From the listing below, reproduce exactly the lines starting with the one with "Prachtige armband, verstelbaar" and going on through the one with "ALTIDO Charming 3BR", both ends kept. No picture is copied.

### Record set
--------
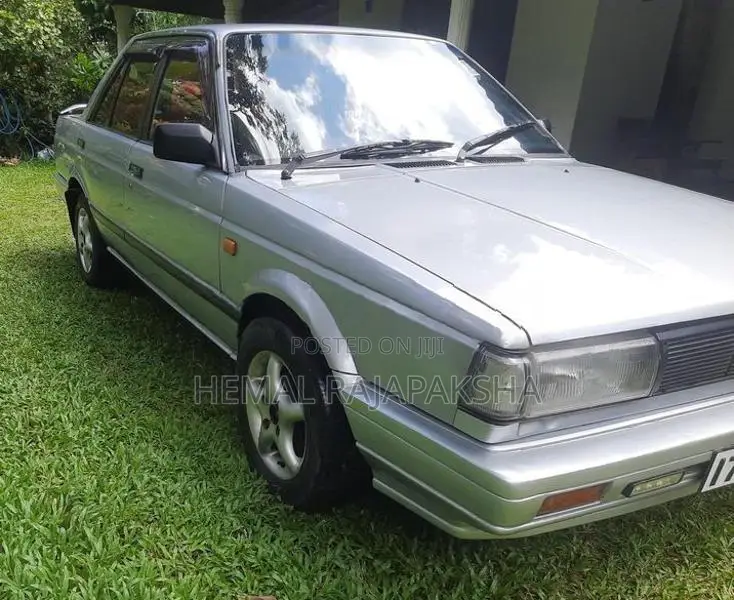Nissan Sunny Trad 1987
--------
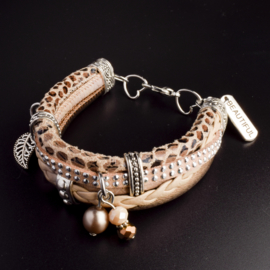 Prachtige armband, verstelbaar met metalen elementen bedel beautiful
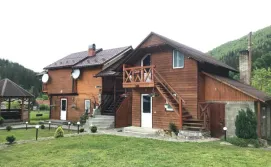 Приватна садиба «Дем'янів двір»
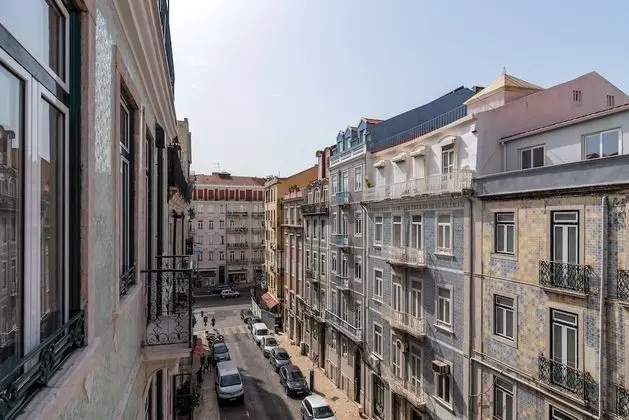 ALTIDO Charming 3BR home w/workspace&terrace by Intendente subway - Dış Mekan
--------
### Reply
 Prachtige armband, verstelbaar met metalen elementen bedel beautiful
 Приватна садиба «Дем'янів двір»
 ALTIDO Charming 3BR home w/workspace&terrace by Intendente subway - Dış Mekan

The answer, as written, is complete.